--- LISTED RECORDS Enclosed Below ---
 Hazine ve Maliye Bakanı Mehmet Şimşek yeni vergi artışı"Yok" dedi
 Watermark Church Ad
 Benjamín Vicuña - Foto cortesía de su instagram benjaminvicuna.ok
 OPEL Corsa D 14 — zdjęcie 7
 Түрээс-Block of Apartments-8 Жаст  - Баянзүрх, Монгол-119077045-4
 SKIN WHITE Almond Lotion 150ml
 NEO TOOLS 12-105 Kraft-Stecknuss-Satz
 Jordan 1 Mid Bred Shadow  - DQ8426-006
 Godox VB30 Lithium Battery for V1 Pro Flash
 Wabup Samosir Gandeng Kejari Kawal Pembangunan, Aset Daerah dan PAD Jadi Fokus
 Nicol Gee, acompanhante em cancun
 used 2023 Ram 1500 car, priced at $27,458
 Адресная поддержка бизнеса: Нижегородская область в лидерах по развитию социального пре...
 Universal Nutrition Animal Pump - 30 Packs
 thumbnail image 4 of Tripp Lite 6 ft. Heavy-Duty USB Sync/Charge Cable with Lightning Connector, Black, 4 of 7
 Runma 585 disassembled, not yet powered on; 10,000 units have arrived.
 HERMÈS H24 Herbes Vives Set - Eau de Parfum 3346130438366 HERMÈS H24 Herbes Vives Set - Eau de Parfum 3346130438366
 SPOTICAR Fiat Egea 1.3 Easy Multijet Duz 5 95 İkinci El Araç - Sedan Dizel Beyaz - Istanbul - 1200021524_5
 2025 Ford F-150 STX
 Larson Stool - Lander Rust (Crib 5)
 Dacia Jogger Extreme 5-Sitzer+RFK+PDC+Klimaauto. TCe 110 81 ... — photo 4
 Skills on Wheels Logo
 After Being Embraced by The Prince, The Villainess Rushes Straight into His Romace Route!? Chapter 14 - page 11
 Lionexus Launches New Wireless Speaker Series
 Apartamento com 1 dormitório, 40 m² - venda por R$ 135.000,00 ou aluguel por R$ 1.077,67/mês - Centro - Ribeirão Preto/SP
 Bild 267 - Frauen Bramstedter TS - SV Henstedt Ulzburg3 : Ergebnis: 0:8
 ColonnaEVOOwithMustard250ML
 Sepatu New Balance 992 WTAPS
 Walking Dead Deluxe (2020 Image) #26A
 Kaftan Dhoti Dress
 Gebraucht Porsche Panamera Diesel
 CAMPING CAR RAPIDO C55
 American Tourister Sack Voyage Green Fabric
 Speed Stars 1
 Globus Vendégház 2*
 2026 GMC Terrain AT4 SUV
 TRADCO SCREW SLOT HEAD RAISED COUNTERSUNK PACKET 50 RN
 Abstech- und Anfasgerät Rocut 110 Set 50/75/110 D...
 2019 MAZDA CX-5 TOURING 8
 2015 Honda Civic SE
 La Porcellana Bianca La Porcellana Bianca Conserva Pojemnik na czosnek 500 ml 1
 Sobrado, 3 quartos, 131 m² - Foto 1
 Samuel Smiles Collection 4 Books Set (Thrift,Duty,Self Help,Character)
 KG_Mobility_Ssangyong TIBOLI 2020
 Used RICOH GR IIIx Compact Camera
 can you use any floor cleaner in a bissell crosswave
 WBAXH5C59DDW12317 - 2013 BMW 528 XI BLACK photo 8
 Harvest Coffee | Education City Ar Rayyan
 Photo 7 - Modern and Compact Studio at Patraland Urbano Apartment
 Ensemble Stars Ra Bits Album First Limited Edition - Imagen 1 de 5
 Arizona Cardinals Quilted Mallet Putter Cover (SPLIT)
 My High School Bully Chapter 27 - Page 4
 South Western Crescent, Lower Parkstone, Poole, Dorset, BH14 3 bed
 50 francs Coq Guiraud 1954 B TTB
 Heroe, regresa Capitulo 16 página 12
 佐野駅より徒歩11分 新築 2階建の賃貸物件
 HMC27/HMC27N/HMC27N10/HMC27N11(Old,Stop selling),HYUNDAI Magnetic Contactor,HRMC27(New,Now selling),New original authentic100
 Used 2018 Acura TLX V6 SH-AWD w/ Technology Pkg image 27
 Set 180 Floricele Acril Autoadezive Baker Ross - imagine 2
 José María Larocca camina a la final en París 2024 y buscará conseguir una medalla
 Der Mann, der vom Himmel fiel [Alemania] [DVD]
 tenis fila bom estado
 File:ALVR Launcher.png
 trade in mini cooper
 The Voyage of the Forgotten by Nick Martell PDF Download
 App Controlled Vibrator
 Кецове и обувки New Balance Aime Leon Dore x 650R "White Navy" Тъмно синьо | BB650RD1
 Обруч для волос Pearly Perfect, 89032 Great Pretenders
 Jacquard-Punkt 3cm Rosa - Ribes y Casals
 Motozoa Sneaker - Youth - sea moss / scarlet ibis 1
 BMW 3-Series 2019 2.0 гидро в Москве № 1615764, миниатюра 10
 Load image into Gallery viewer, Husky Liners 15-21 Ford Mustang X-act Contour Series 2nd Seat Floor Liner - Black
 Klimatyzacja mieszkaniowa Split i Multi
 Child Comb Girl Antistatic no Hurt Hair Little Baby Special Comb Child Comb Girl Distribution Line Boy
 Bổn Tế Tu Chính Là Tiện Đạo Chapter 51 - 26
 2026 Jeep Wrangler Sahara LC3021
--- End of Enclosed LISTED RECORDS ---
## TASK GOAL
Filter the records, keeping only lines that contain "Foto", and show those lines.

## ANSWER BOX
 Benjamín Vicuña - Foto cortesía de su instagram benjaminvicuna.ok
 Sobrado, 3 quartos, 131 m² - Foto 1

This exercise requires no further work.